BRIEF: Nothing but the lines below between the line holding "Bellevue Pros Picture 1" and the line holding "Beautiful Nature Spring Floral background", inclusive, should appear in the answer, each set down exactly.

[DATA SUPPLIED Boundary: Start]

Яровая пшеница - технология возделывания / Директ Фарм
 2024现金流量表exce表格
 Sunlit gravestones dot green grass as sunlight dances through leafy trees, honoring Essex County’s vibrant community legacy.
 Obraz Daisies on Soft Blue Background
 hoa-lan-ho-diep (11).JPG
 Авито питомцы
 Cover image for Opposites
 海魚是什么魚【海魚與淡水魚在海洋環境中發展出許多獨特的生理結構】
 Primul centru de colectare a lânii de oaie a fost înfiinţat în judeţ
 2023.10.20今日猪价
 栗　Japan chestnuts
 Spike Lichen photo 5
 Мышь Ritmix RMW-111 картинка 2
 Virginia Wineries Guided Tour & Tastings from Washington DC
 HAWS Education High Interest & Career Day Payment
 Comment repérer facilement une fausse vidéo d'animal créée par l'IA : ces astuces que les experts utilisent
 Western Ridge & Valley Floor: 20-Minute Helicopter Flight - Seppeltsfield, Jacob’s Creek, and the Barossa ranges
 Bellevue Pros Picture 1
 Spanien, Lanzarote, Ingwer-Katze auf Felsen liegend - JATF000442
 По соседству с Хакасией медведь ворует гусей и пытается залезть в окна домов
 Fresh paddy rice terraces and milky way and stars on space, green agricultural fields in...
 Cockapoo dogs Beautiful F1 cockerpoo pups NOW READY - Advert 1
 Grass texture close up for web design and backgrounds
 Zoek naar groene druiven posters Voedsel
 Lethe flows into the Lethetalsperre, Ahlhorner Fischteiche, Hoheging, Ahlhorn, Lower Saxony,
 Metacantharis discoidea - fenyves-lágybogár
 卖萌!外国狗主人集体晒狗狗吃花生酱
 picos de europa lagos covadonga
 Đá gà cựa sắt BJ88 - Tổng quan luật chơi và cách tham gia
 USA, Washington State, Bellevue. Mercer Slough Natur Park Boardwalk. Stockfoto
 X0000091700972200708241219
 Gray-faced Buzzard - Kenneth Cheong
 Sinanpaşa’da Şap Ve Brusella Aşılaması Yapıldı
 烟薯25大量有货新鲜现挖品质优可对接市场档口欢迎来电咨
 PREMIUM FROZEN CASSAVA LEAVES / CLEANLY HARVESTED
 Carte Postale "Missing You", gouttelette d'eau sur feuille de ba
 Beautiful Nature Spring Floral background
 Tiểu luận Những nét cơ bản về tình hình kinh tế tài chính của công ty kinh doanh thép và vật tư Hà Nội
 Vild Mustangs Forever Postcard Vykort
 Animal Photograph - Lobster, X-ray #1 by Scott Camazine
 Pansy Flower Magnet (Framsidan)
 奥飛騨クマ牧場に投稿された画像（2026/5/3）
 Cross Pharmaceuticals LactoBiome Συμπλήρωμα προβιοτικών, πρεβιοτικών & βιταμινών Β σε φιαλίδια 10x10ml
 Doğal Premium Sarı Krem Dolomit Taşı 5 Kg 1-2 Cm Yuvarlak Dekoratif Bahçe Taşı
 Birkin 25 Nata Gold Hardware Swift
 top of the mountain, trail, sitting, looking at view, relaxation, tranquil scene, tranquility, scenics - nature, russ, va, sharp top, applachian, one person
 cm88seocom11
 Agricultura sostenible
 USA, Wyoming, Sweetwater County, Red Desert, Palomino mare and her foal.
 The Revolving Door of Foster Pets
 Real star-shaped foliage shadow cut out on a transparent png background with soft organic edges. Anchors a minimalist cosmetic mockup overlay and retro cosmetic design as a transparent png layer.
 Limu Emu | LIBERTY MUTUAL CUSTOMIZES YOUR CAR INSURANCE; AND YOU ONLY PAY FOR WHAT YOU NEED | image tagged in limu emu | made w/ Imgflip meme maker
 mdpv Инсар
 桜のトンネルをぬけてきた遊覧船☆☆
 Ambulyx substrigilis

[DATA SUPPLIED Boundary: End]

TASK RESPONSE:
 Bellevue Pros Picture 1
 Spanien, Lanzarote, Ingwer-Katze auf Felsen liegend - JATF000442
 По соседству с Хакасией медведь ворует гусей и пытается залезть в окна домов
 Fresh paddy rice terraces and milky way and stars on space, green agricultural fields in...
 Cockapoo dogs Beautiful F1 cockerpoo pups NOW READY - Advert 1
 Grass texture close up for web design and backgrounds
 Zoek naar groene druiven posters Voedsel
 Lethe flows into the Lethetalsperre, Ahlhorner Fischteiche, Hoheging, Ahlhorn, Lower Saxony,
 Metacantharis discoidea - fenyves-lágybogár
 卖萌!外国狗主人集体晒狗狗吃花生酱
 picos de europa lagos covadonga
 Đá gà cựa sắt BJ88 - Tổng quan luật chơi và cách tham gia
 USA, Washington State, Bellevue. Mercer Slough Natur Park Boardwalk. Stockfoto
 X0000091700972200708241219
 Gray-faced Buzzard - Kenneth Cheong
 Sinanpaşa’da Şap Ve Brusella Aşılaması Yapıldı
 烟薯25大量有货新鲜现挖品质优可对接市场档口欢迎来电咨
 PREMIUM FROZEN CASSAVA LEAVES / CLEANLY HARVESTED
 Carte Postale "Missing You", gouttelette d'eau sur feuille de ba
 Beautiful Nature Spring Floral background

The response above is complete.